AMD also haven't just been comparing the speed of their newest Athlon XPs to the speed of the first XPs, and not to P4s, though that is what they've done many times as the Athlon's climbed the speed ladder. It'd be perfectly fine to only compare Athlons with Athlons if all the P4 lineup was doing was getting core speed increases, but the P4's had new core designs and bus speeds to boost its performance a bit more. A 3GHz P4 is more than twice as fast as a 1.5GHz one.
The Athlon's had new cores and a new bus speed too, though, and it turns out that it's pretty much maintained parity. All other things being equal, your XP 2600+ should be at least as fast as a 2.6GHz P4 machine.
All other things can't be equal, of course, since you can't run those two processors on the same motherboard. I can only presume that something else to do with your system - maybe hardware, maybe drivers - accounts for the difference between your system and your friend's.
The QuantiSpeed PR True Performance Initiative LongSillyName Rating isn't quite as straightforward as it seems, though, because the AMD benchmark suite is all system benchmarks, not CPU-only tests. That's sensible, but it means that other hardware components influence the results. That other hardware hasn't stayed the same since the first XPs were rated.
AMD seem to have made an effort to bury all of their old benchmark reports; go to their benchmarks page and it seems you'll only get the report for the flagship processor. Back when they tested the XP 2200+, though (the test data for which I had to poke around on the German-language part of the AMD site to find...), it was on a Gigabyte 7VRXP KT333 board with 256Mb PC2700 (DDR333) RAM and a GeForce4 Ti4600.
For the later XP 3000+ test, on the other hand, they used an Asus A7N8X Deluxe nForce2 board with 512Mb PC2700 RAM and a Radeon 9700. If they'd put the XP 2200+ on this board, it would have scored better.
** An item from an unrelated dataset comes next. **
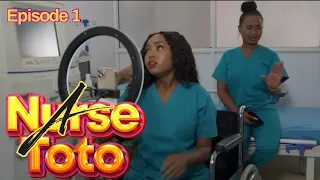 A NURSE TOTO Episode 1 - (Mzee wa kutahirii)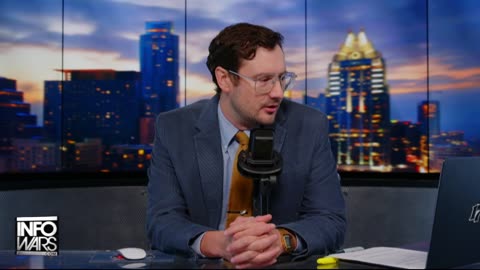 ALEX JONES - INFOWARS LIVE - ALEXJONES.NETWORK - THERE'S A WAR ON FOR YOUR MIND! ➡ THE ALEX JONES SHOW • THE AMERICAN JOURNAL WITH HARRISON SMITH • INFOWARS LIVE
So, to some extent, the XP ratings are based on extra hardware that has nothing to do with the CPU.
When AMD compared otherwise similar Athlon XP and P4 systems for a "Software Performance Guide", though - different motherboards, of course, but each with 512Mb PC2700 RAM and a Radeon 9700 - the overall score put the Athlon XP 2600+ on par with a 2.8GHz P4, and that's the kind of result that other testers have found, too.
(The Guide in question's downloadable in PDF format here.)
The P4 did a bit better in a few benchmarks - the Sysmark 2001 Internet Content Creation test, and a couple of the 3D game tests - but in no case did the 2.8GHz P4 win by more than a few per cent over the Athlon XP 2800+. And, of the 22 tests in the suite, 13 show a big enough win for the XP 2800+ over the 2.8GHz P4 (10% or more) that a normal user would have a decent chance of actually noticing.
Small CPU speed differences, in this situation, don't make much of a difference to the score. The 2.8GHz and 2.67GHz P4s, which differ by 5% in clock speed, only differed by 2% in overall score.
The Athlon XP 2600+ and 2800+ are almost as close in clock speed - they're within 6% of each other. They, however, differ by about 9% in AMD's overall performance results. This seemingly fishy result is accounted for by the 2800+'s higher 166/333MHz FSB speed. The 2700+ has the same higher speed; it scores higher than you'd expect from its core speed, too.
AMD's burying of their old benchmark data (try finding the Software Performance Guide from the AMD search page; I'll wait...) makes it look as if they've got something to hide, but the numbers don't actually seem to be particularly dodgy. Even the fact that the older benchmarks were audited by Arthur Andersen doesn't seem to have polluted them.